Question

The diameter and mass of a planet are double that of Earth. Then the time period of a pendulum at the surface of the planet is how much times of time period at Earth's surface?

Answer 1

Step 1: Given and assume

The diameter and mass of a planet are double that of Earth.
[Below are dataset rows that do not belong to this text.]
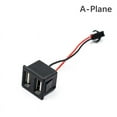 thumbnail image 7 of Double-Layer USB Female Base Type-C Charging Power Socket with Cable Connector, 7 of 7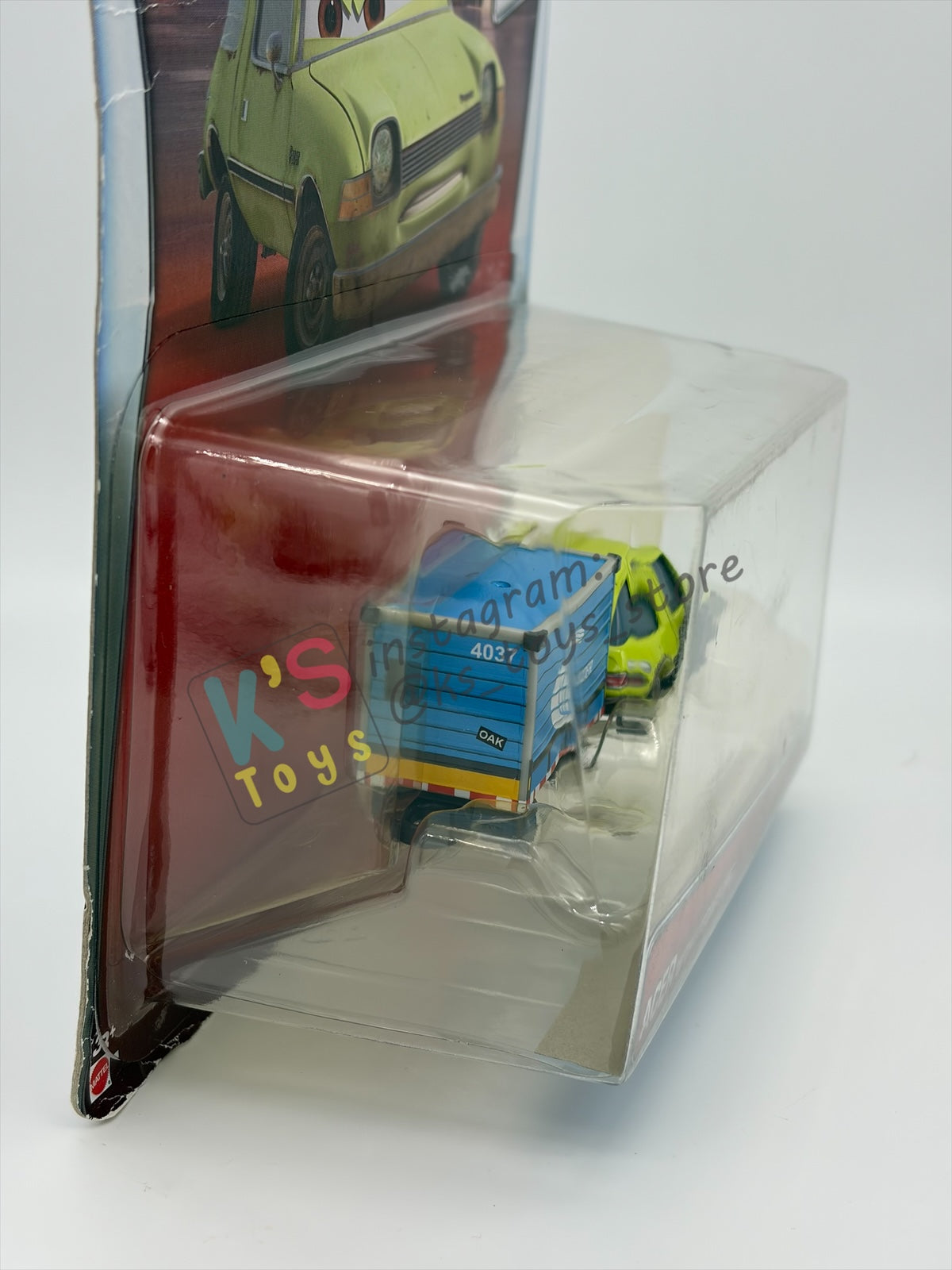 DELUXE DISNEY PIXAR CARS "ACER WITH LUGGAGE CART" AIRPORT ADVENTURE SERIES - BNIP
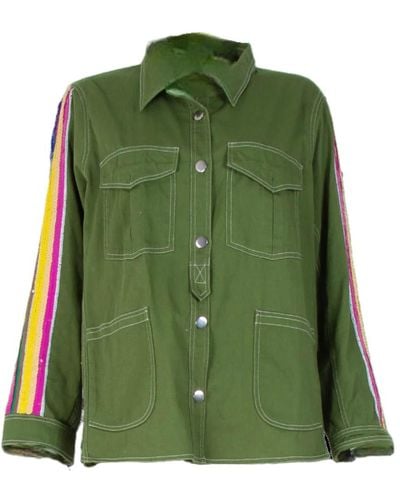 Vilagallo Sequin Jacket - Green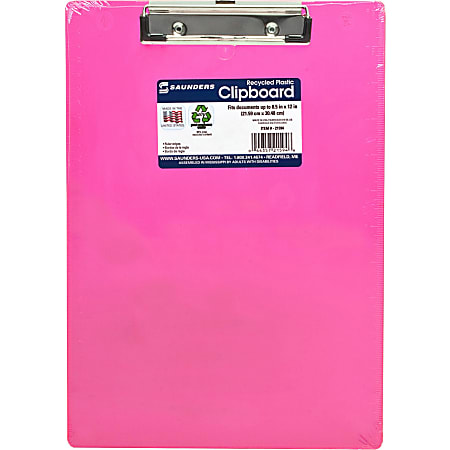 Saunders Neon Plastic Clipboards - 0.50 Saunders Neon Plastic Clipboards - 0.50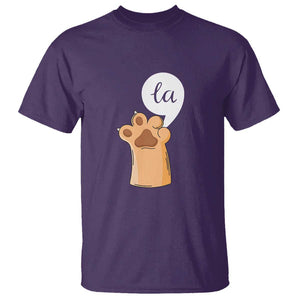 Funny Harris Supporter T Shirt Comma La Cat Hand Paw Kamala Punctuation TS11 Purple Print Your Wear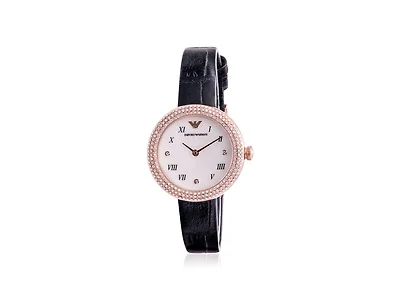 Emporio Armani Leather Ladies Watch 11356
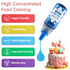 5 Set, (0.25 Oz (Pack 5)) Food Coloring Liquid - Food Grade Vibrant Colors Food Coloring Liquid Food Dye Color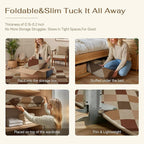 2x8 Checkered Easy Jute Runner Rug Non Slip Hallway Kitchen Washable Outdoor Rug for Entryway Indoor Checkerboard Brown-Beige Long Indoor Outdoor Carpet for Bedside Entry Front Door Porch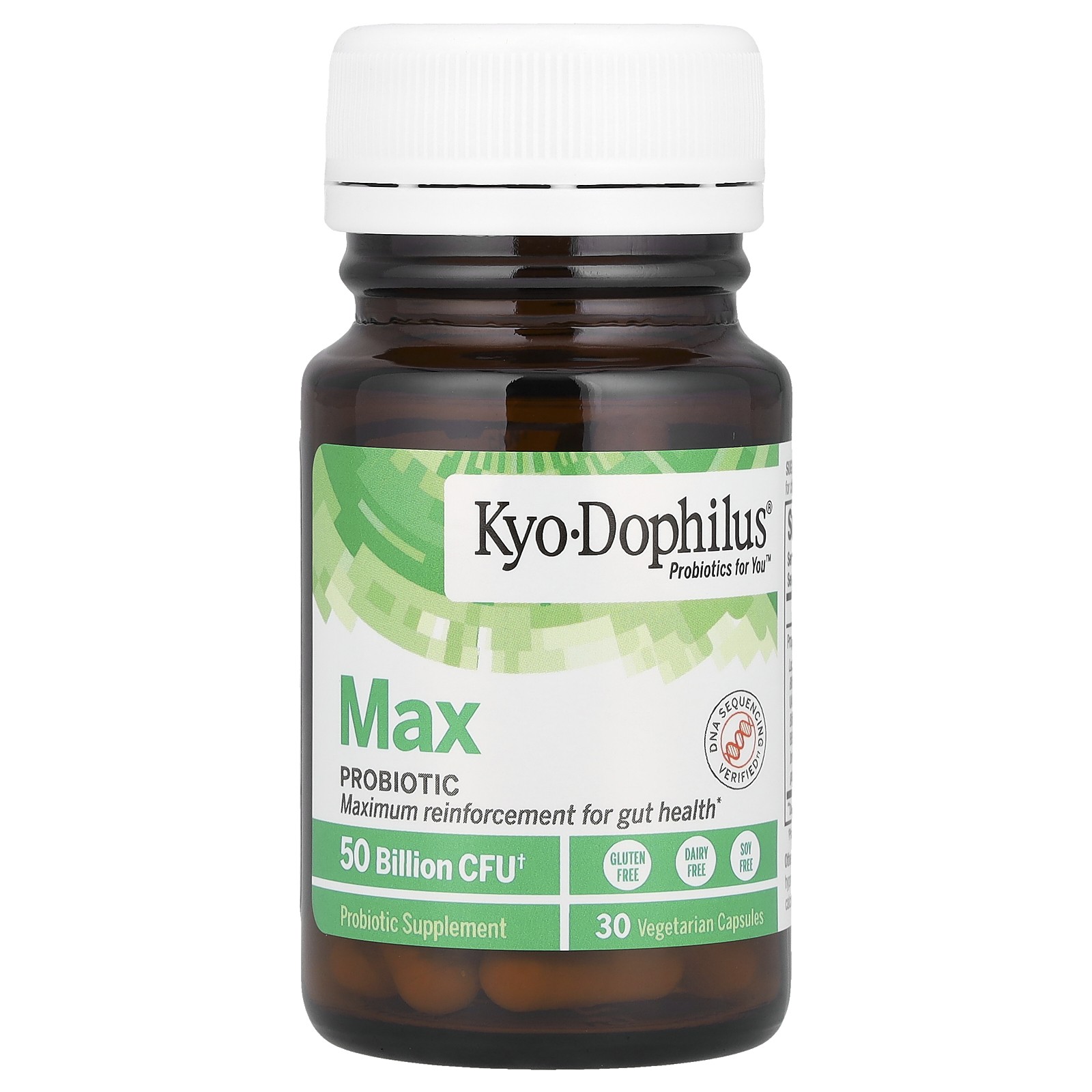 Kyo-Dophilus, Max Probiotic, 50 Billion CFU, 30 Vegetarian Capsules
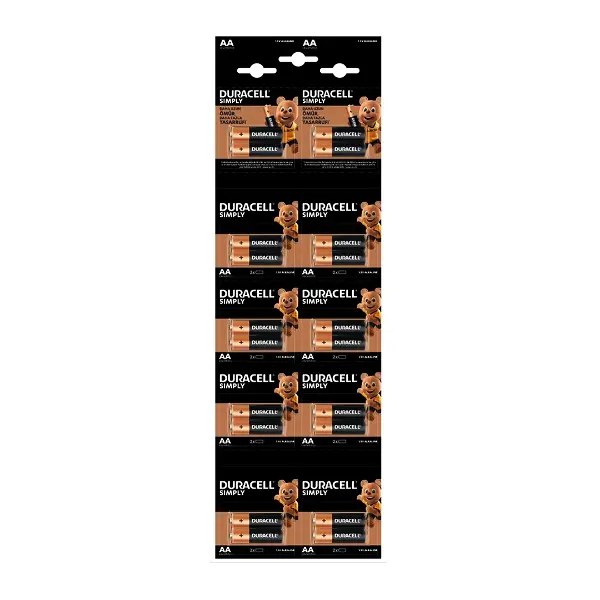DURACELL KALEM PİL ALKALİN 20 PARÇA (4745)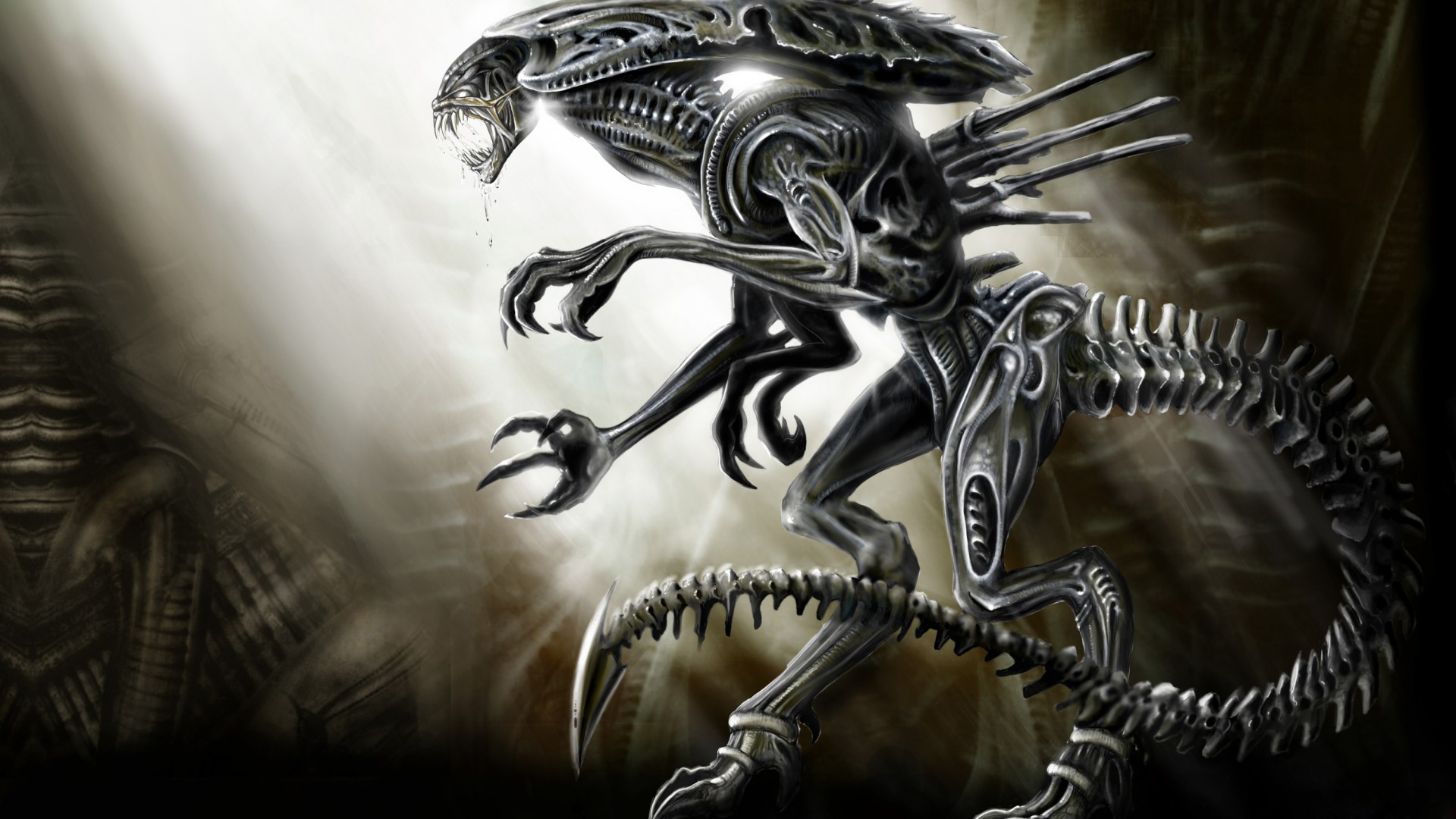 Alien - Sci Fi Alien Hd , HD Wallpaper & Backgrounds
Let the time period of the planet be $T_p$, g be the acceleration due to gravity, $G$ is the gravitation constant, $M_E$ is the mass of earth, R is the radius of the earth, $R_p$ is the radius of the planet, $M_p$ is the mass of the planet, $T_E$ be the time period of earth

Step 2: Concept used

The time period (T) is given by,

$\mathrm{T}=2\mathrm{\pi }\sqrt{\frac{\mathrm{Displacement}}{\mathrm{Acceleration}}}$

Step 3: Finding the gravity of earth (g)

The gravity of earth (g) will be, $\mathrm{g}=\frac{{\mathrm{GM}}_{\mathrm{E}}}{{\mathrm{R}}^2}$

For the planet, ${\mathrm{M}}_{\mathrm{P}}=2{\mathrm{M}}_{\mathrm{E}}$ and

${\mathrm{R}}_{\mathrm{P}}=2\mathrm{R}$

So, the acceleration due to the gravity of the planet will be,

${\mathrm{g}}_{\mathrm{p}}=\frac{\mathrm{G}\left(2{\mathrm{M}}_{\mathrm{E}}\right)}{{\left(2\mathrm{R}\right)}^2}$

${\mathrm{g}}_{\mathrm{p}}=\frac{\mathrm{g}}{2}$

Step 4: Finding the ratio of the time period

Taking the ratio of the time period, we get

$$\begin{gathered} \frac{{\mathrm{T}}_{\mathrm{p}}}{{\mathrm{T}}_{\mathrm{E}}}=\frac{2\mathrm{\pi }\sqrt{{\displaystyle \frac{\mathrm{y}}{\frac{\mathrm{g}}{2}}}}}{2\mathrm{\pi }\sqrt{\frac{\mathrm{y}}{{\displaystyle g}}}}\mathrm{where}y\mathrm{is}\mathrm{the}\mathrm{displacement} \\ \frac{{\mathrm{T}}_{\mathrm{p}}}{{\mathrm{T}}_{\mathrm{E}}}=\sqrt{2} \\ {\mathrm{T}}_{\mathrm{p}}=\sqrt{2}{\mathrm{T}}_{\mathrm{E}} \end{gathered}$$

Hence, the time period of a pendulum at the surface of the planet is $\sqrt{2}$ times higher than the time period of the earth.